La mostra dei disegni di guerra di Giuseppe Cominetti è ora a Villa Contarini di Piazzola sul Brenta (fino al 2 giugno, a cura di Beatrice Buscaroli), voluta dall’assessore alla Cultura Marino Zorzato, nell’ambito delle iniziative della Regione per il Centenario della Grande Guerra. Quando scoppiò la guerra, il pittore piemontese si trovava a Parigi dove viveva dal 1909 con il fratello Gian Maria, poeta, scrittore e regista. Si era trasferito dopo una prima stagione ligure influenzata dal verismo divisionista di Nomellini e dalla cultura artistica tipica di quel torno d’anni che univa un decadentismo sentimentale e letterario all’impegno sociale. Ma Cominetti praticava un divisionismo tutto suo, pirotecnico, sfavillante, ondoso e sfrangiato. Più dei lavoratori-forzati della terra, amava i ballerini sulle piste da ballo. Anche per questo non esitò a fraternizzare a Parigi con Severini che nel ballo riusciva a dare il massimo dei volt al cortocircuito tra divisionismo e futurismo.
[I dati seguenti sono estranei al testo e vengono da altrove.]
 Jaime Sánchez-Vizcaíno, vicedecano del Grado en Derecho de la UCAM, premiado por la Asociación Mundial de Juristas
Nel crogiolo parigino delle avanguardie, dove si trovava a suo perfetto agio tanto da considerarsi “ostinatamente avanguardista”, firmò il Manifesto del futurismo di Marinetti pubblicato su “Le figaro”, ma fu un’adesione empatica più che militante, rinnovata, con un po’ più di convinzione, nel ’19 alla nascita del “Gruppo futurista genovese”. Il suo era un dinamismo pittorico che stava tutto nella foga della pennellata, nella vibrazione luministica. Cominetti aveva più del “peintre de la vie moderne”, che del rivoluzionario futurista. Rientravano nella sua modernità anche la versatilità, la prolifica attività d’illustratore, disegnatore e scenografo. Ed ecco che d’un tratto, tutta la sua brillante frenesia creativa precipita nel gorgo della tragedia della guerra.
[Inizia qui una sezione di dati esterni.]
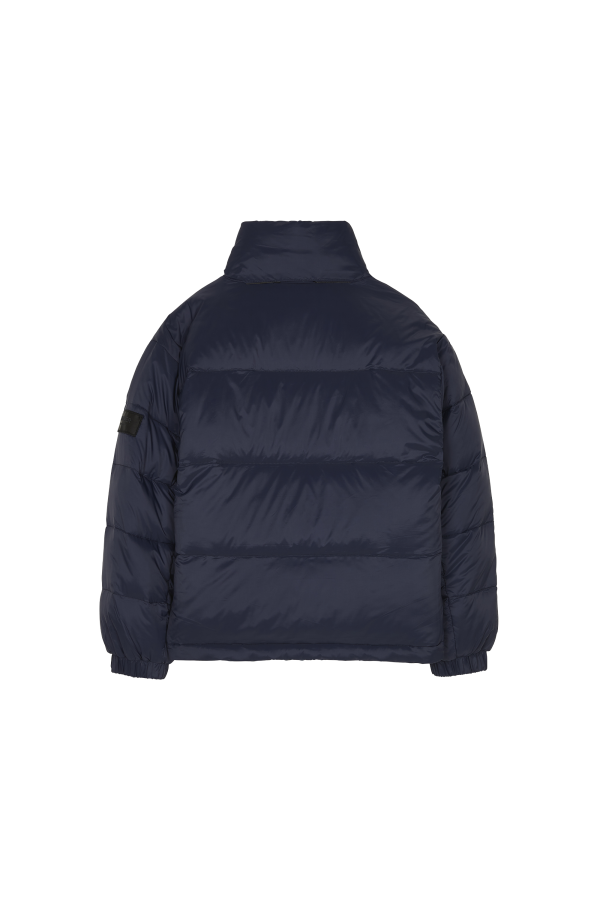 SNOWTY Navy Checkers - Reversible Down Jacket Sale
Soldato al fronte, prima nelle Ardenne e poi sul Grappa, Cominetti vede e vive, sente e disegna in un solo moto di lacerante e sgomenta sofferenza, quel che accade sotto i suoi occhi: a un metr. o, a dieci, a cento metri di distanza. Fotografa là sul fatto, sul momento, quando la bomba scoppia, quando i soldati si scontrano corpo a corpo, quando la carneficina è in flagranza d’atto. L’esperto disegnatore conosce perfettamente la tecnica e impugna il carboncino come fosse un flash, restituendo integralmente la tranche dolorosa della testimonianza diretta, della simultaneità narrativa. I soldati sono uomini senza più sguardo, sfigurati dalla paura e dalla sofferenza; cavalli e muli non sono più bestie ma compagni di tragedia. Gambe, braccia, schiene, librati in aria come schegge impazzite nel mezzo dell’azione, acquistano una potenza espressiva non inferiore ai volti.
Poco colore: il dominio del nero non è solo tecnico è anche psicologico. L’antidoto che solleva dall’angoscia è la bellezza, è la forza di quel segno: è la sua capacità di rendere l’istantaneità del tremendo, disumano, frastuono in scena.